▶ Exercise details
With pictures excluded, copy word for word the lines in the data below from the line containing "aquarella - herrin des wassers" through the line containing "MERCEDES GLE W167, 2020-OBECNIE".

[[ Records provided open ]]

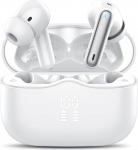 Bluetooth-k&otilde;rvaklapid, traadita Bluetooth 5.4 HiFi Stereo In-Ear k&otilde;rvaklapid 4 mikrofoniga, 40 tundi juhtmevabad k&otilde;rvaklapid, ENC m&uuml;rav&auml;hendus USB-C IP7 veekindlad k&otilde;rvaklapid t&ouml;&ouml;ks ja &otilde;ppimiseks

[[ Records provided closed ]]
[[ Records provided open ]]

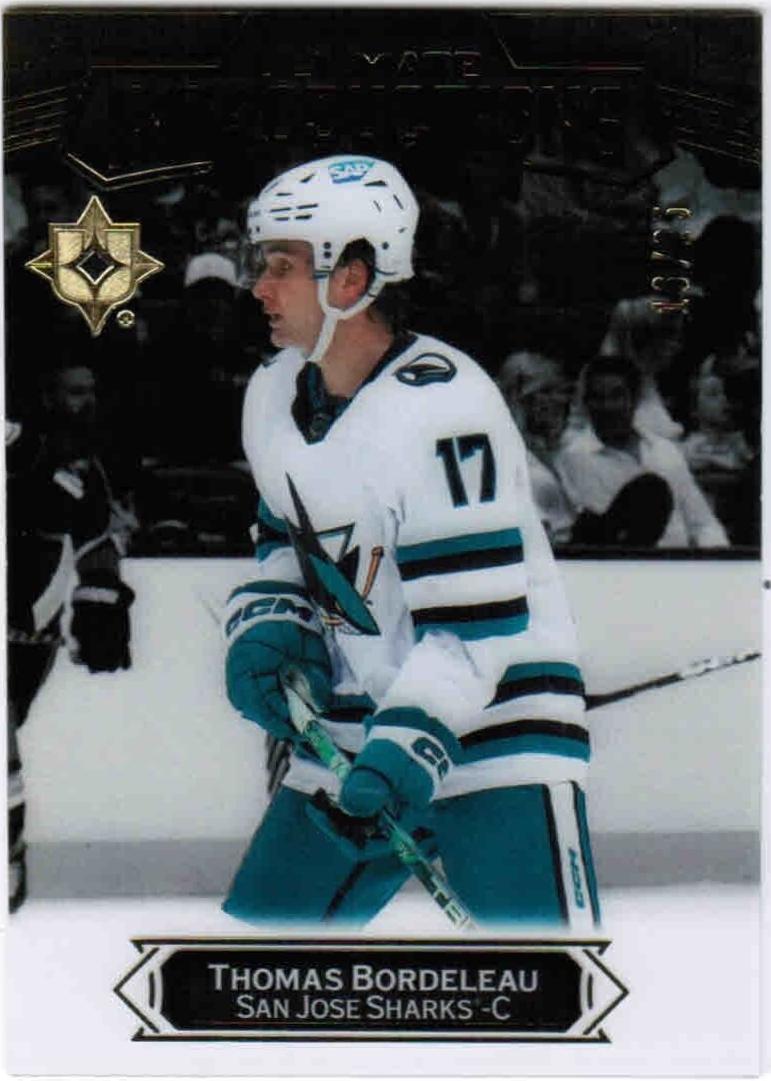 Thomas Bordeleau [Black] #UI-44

[[ Records provided closed ]]
[[ Records provided open ]]

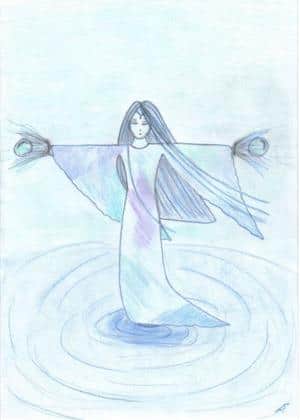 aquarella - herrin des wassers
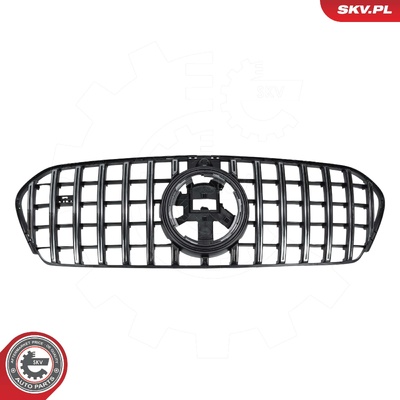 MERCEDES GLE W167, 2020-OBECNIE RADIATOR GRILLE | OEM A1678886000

[[ Records provided closed ]]

▶ Task output
 aquarella - herrin des wassers
 MERCEDES GLE W167, 2020-OBECNIE RADIATOR GRILLE | OEM A1678886000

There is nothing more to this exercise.